Sunday, October 22, 2006


No cuts to the pay of bureaucrats, though; THEY are essential

Doctors and nurses are facing pay cuts as the Government struggles to resolve the hospital deficit crisis that has led to thousands of job losses. Nurses' unions accused the Department of Health of bullying after it insisted that medical staff should have a below-inflation pay rise to plug the hole in budgets, saying that patients would suffer otherwise.

The department said that doctors, nurses, midwives and dentists should get basic pay rises of 1.5 per cent next year, despite the NHS budget rising by 9 per cent. The 1.5 per cent offer is less than half the rate of inflation, so in real terms pay rates would be cut.

In its evidence to the independent pay review boards, the department gave warning that without pay restraint the NHS would not be able to tackle its deficits, jobs would be cut and patient care would suffer. It said: "The NHS is facing a challenging financial period with the need to change a 512 million pound deficit in 2005-06 into lasting financial balance." The department added: "All NHS pay is met from the general NHS allocation; there is no separate funding for pay. Therefore, pay uplifts must be affordable, otherwise funding for patient services will suffer. If pay levels are too high, NHS employers may well need to reduce staff posts."

Unions, which will present their claims on Tuesday, said that the Government was bullying them into accepting an offer that amounted to just 2p an hour for a newly qualified nurse. Karen Jennings, Unison's head of health, said: "It is outrageous to suggest that unless staff take what is effectively a pay cut, jobs will go and patients will suffer." Josie Irwin, head of employment at the Royal College of Nursing, said that the offer was derisory. "It is a slap in the face for the staff who have worked so hard under such intense pressure to deliver the Government's health reforms."

The Government faces the prospect of industrial action from Amicus, the union for health workers. Kevin Coyne, its national health officer, said: "Unless an improved [offer] is put on the table we will not hesitate to proceed to ballot for industrial action." The British Medical Association has already demanded a 4 per cent pay rise for doctors.

The Government dismissed claims that 1.5 per cent amounted to a pay cut because staff also got a rise for each year worked. Pay for some staff would be cut but the offer delivered a 4 per cent increase in average earnings "which compares with the average across the whole economy".

Andrew Lansley, the Shadow Health Secretary, said that Ms Hewitt was trying "to make NHS staff pay for the consequences of the Government's financial mismanagement and the 1.3 billion deficit from last year".



Cancer sufferers in England are to be denied a life-extending drug because the Government's drugs rationing watchdog has refused to fund treatment, it was claimed last night. The National Institute for Health and Clinical Excellence will announce next week that Velcade should not be offered on the NHS to treat multiple myeloma, a cancer of the bone marrow. A course of Velcade costs between 9,000 and 18,000 pounds and was approved for use in Scotland in 1994.

Cancer charities and victims of the disease criticised the decision by NICE, saying that it was the latest example of the watchdog trying to save the Government money by rejecting drugs that increase life expectancy. Since June, NICE has refused to endorse five treatments that would extend the lives of people with bowel cancer, leukaemia and breast cancer, as well as Alzheimer's disease.

Janice Wrigglesworth, 59, from Keighley, in West Yorkshire, has multiple myeloma. She condemend the decision as insanity. She said: "Are they saying a Scottish life is worth more than an English life? "They are effectively saying to people with incurable diseases, `sit down in a darkened room and die'."
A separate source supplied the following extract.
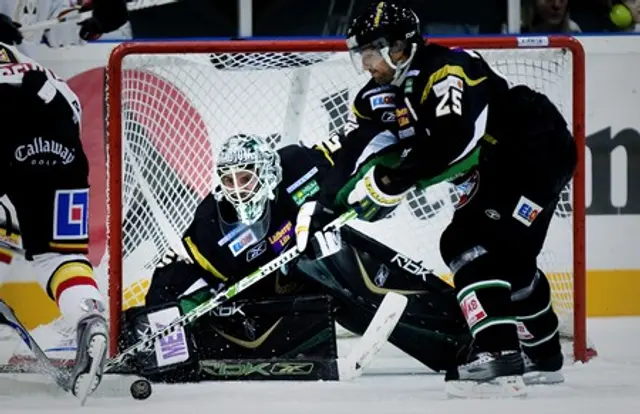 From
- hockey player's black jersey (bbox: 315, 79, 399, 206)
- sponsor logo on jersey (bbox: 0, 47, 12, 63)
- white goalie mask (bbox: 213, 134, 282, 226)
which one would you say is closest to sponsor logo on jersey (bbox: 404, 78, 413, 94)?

NICE refused to comment on next week's announcement. However, a spokesman said: "NICE's expert advisers review all the evidence on cancer treatments to determine whether they add benefits for patients when compared to other treatments that are already available. "The benefits that we assess include whether a drug extends life, and whether a drug improves patients' quality of life." A Department of Health spokesman said that it could not comment until the guidance was published.



For greatest efficiency, lowest cost and maximum choice, ALL hospitals and health insurance schemes should be privately owned and run -- with government-paid vouchers for the very poor and minimal regulation. Both Australia and Sweden have large private sector health systems with government reimbursement for privately-provided services so can a purely private system with some level of government reimbursement or insurance for the poor be so hard to do?